In between the recipes I painted images directly on the walls from the recipe pages, in particular the women’s names who are credited for recipes, so often anonymous and overlooked, here writ large and with some of the page details.

I was careful to cut out the details of things like the threads of the binding coming unraveled, to call attention to the details of the visual image.

They’re tiny on purpose as these are things often overlooked, constrained to the domestic world and not often considered apart from their use. I liked that you could miss them, and then when you saw them, they were fun to find, like following clues.

This one is on a door leading to an outdoor corridor . . .

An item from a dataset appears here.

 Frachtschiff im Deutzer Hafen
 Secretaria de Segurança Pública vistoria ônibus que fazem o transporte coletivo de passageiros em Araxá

Once you see them, they lead you along . . .

A few are blank pages to call attention to the visual language of the page - the underlying grid, the color of the aging paper, and the emotional response you have. For me it’s possibility in the blank page . . . the emptiness of ancestors gone . . .

They were placed outside and inside elevators . . . a quote from my statement: “The handwritten recipe page imparts meaning through implied or actual experience and process, echoes life’s impermanence, measures and maps a personal history over time that enriches a sense of identity, evolves through experimentation and changes in taste and availability of materials and produces a visceral connection to ancestors perhaps long gone.”

This one is one of my favorites. It’s for devil’s food and I hung it on the soda machine but it was a subconscious decision. My instructor pointed out the irony.

Wonderful contrast of aging pop machine and aging old recipe . . .

Once we get to the building with the art studios in it, I start to draw out the visual language of the recipes because now that we have left home and gone to the studio, the recipe is not just a recipe but becomes what I make from it. People stole them regularly. They are beautiful . . and the stealing became part of the piece - how the recipes were coveted and went out into the community . . .

Once in the art building the focus changed. Now the wall paintings draw imagery from the pages but call attention to the visual language more and more. They evolve as art evolves.
Once inside the actual art studios, I started pulling drawing elements from the page, like this script “p” so evocative, and the negative space of the rectangle that references the recipe page without showing it. This is about four feet high.

Here’s my last wall drawing, trying to evoke the old recipe without copying it . . .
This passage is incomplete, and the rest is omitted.